The aging Norwegian filmmaker Gustav Borg (Stellan Skarsgård) turns up at the ancestral home (itself a character, through a voiceover early in Sentimental Value) with a new film script he has written, his first in fifteen years, that he wants his daughter Nora (Renate Reinsve), a stage actress, to star in. He also wants the young son Erik (Øyvind Hesjedal Loven) of his other daughter Agnes (Inga Ibsdotter Lilleaas) to be in the film. Nora refuses and Agnes refuses. Gustav fails in his scheme to make his movie instead in English, for Netflix, starring a newly successful American actress, Rachel Kemp (Elle Fanning), who agrees because she's an admirer. Another major health issue arises. But ultimately through a reading of the script things are hashed out.
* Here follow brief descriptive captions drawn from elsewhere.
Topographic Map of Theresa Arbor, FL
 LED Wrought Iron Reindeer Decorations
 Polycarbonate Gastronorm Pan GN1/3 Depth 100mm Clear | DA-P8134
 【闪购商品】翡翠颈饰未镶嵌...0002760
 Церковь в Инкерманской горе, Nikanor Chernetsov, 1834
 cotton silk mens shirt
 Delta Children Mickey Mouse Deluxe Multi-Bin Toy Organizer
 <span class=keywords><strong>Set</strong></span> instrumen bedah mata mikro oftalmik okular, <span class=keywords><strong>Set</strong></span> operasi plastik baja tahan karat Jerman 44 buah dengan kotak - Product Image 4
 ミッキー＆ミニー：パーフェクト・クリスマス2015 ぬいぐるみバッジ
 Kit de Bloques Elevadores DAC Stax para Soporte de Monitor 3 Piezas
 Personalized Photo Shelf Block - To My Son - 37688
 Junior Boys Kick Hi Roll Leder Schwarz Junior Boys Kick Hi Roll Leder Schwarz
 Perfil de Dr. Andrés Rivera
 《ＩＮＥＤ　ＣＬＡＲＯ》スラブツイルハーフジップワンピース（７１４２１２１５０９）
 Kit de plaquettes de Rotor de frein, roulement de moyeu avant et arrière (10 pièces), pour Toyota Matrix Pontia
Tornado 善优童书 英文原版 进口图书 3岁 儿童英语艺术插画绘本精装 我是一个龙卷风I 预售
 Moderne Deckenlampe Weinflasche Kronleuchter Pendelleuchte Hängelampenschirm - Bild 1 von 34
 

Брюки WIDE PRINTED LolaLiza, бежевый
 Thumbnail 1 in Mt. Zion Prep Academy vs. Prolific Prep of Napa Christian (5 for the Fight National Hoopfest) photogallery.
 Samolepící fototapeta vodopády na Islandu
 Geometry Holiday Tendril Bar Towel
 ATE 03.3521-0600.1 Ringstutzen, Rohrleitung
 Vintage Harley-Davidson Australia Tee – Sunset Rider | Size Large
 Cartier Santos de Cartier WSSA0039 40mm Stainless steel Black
Not everyone loves Trier's Sentimental Value. Mike D'Angelo, whom I often cite because of the clarity and bluntness of his views, and whose rankings I refer to because of the borderline absurd but nonetheless impressive precision as well as severity of them, currently places Sentimental Value 80th among the 88 for this year he has so far ranked on his site. Peter Bradshaw of theGuardian, whom I also often refer to, calls Sentimental Value "baggy." Well, I don't know how many critics make it number one, but Brother Bro of The Oscar Expert thought it was the most enthusiastically received by the Cannes audience, and the Cannes jurors gave it the number two prize, the Grand Prix. I have some reservations about Sentimental Value (see below). But for me it's got to be one of the year's best. It's about forgiveness, or at least that's one of its main themes. So let's be forgiving of it. My ranking of it among the year's best relates to many things. I love Joachim Trier's films and this is one of the important ones, even if it's not my favorite.

To begin with this is a movie that does right what Hamnet gets badly wrong, about ways that artists struggle with their responsibilities as humans and as parents, about how they try to work out their salvation or simply try to understand their lives through their work, but above all simply take the raw material their lives give them in wholly new directions. We don't actually see or hear much of Gustav's new script. But this film ends with filming one scene, a memorable, but now ambiguous one.

The movie doesn't begin with any of this. It begins with a voiceover that talks about the big house Nora and Agnes grew up in, which goes back generations in Gustav's family. His mother committed suicide in this house. Then there is a memorable, agonizing scene about Nora, who evidently is both an excellent actress and suffers from terrible stage fright.

Trier and his regular coscripter Eskil Voit write wonderful screenplays, witty, specific, full of life's "stuff," with extremes positive and negative. Trier's films have been triumphs through the magnificent actor Anders Danielson Lie, and lately, with Renate Reinsve, her breakthrough being Trier's last film The Worst person in the World (2021). Danielsen Lie features in Trier's sparkling debut Reprise (2006), in his gloomy, shattering Oslo, August 31st (2011) and the female-centric, witty The Worst Person in the World, which together have been dubbed his "Oslo trilogy." Trier, always with Eskil Vogt and with these and other great actors, have set out something unique in world cinema that's probably partly also distinctively Norwegian, a vigor, an intelligence, an alacrity for simultaneously taking on both the most challenging aspects and the greatest joys of a life. I saw that in a softer, teen-focused, different format way in the four-"season" 2015–2017 online TV series "Skam," also Norwegian, also set in Oslo.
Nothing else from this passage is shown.